Ginger has 12 plastic bead containers. The containers measure 1 inch on each side. How many rectangular prisms, each with a different-sized base, could Ginger make by stacking all of the bead containers?
different shapes:
1 1 12
1 2 6
1 3 4
2 2 3
number of different bases for each one:
1 1 12 --->1 1 12, 1 12, 1 ----- 2 of them
1 2 6 ---> 1 2 6, 1 6, 2, 2 6 1 --- 3 of them
1 3 4 ---> 1 3 4, 1 4 3, 3 4 1 --- 3 of them
2 2 3 ---> 2 2 3, 2 3 2 ----- 2 of them
10 different prisms
10 different prisms
how explain breifly
To find out how many rectangular prisms can be made by stacking all the bead containers, we need to determine the factors of 12, since the dimensions of each base must be different.
To find the factors of 12, we can list all possible combinations of two numbers that multiply to give 12:
1 x 12 = 12
2 x 6 = 12
3 x 4 = 12
So, the factors of 12 are: 1, 2, 3, 4, 6, and 12.
Now, we need to find the number of ways to select two distinct numbers from this set of factors.

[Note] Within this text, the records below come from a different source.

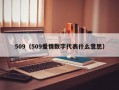 509（509爱情数字代表什么意思）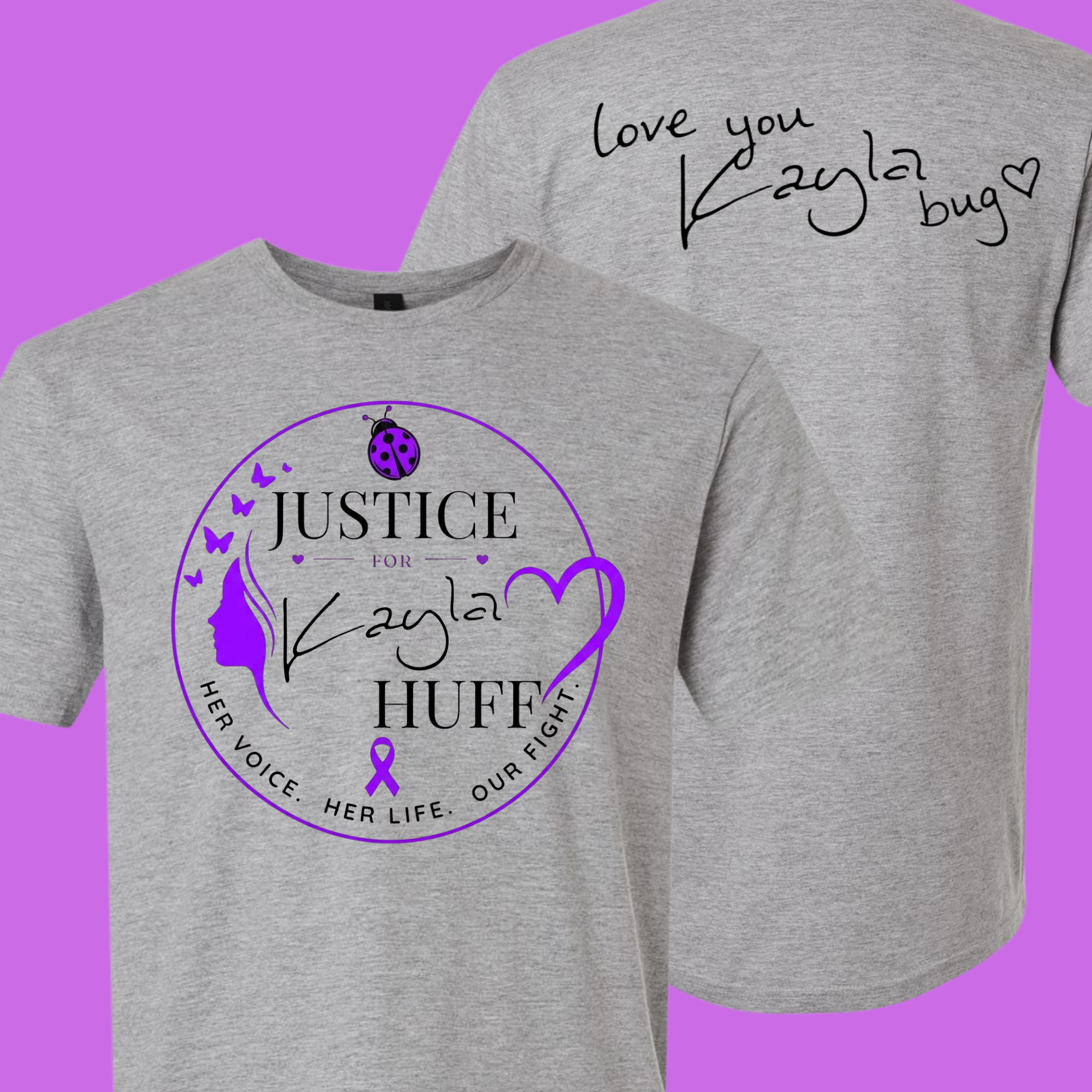 Justice for Kayla Huff Tshirts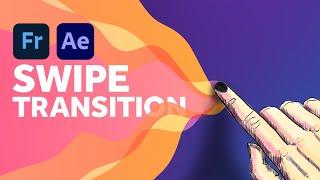 Unique Swipe Transition | After Effects Tutorial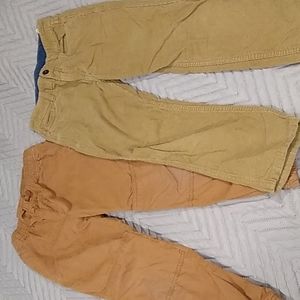 2 pairs of boys Hanna andersson long pants corduroy and joggers size 130 US 8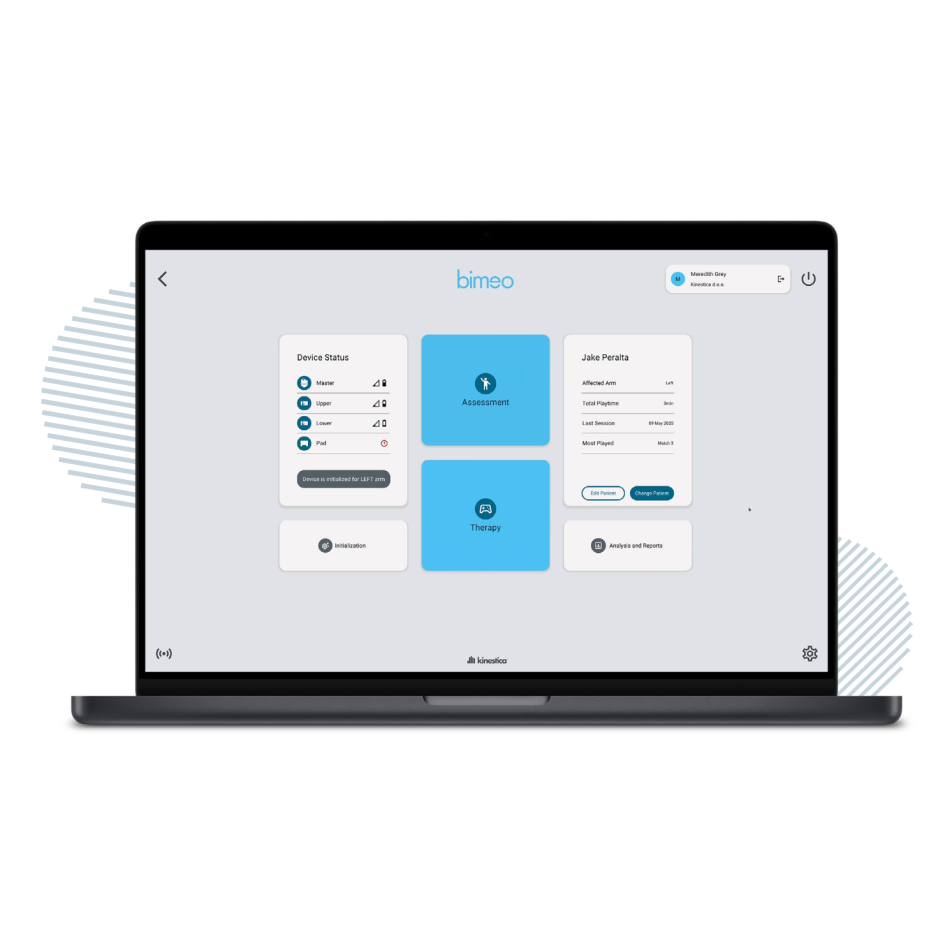 Urządzenie do rehabilitacji kończyny górnej Bimeo 400 Pro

To do this, we use the combination formula, which is given by:
C(n, r) = n! / (r!(n - r)!)
In our case, n = 6 (the total number of factors) and r = 2 (since we want to choose two distinct numbers). Therefore, the number of ways to choose two distinct factors from the set of factors of 12 is:
C(6, 2) = 6! / (2!(6 - 2)!) = 6! / (2! * 4!) = (6 * 5 * 4 * 3 * 2 * 1) / (2 * 1 * 4 * 3 * 2 * 1) = 15
Hence, Ginger can make 15 different rectangular prisms by stacking all the bead containers.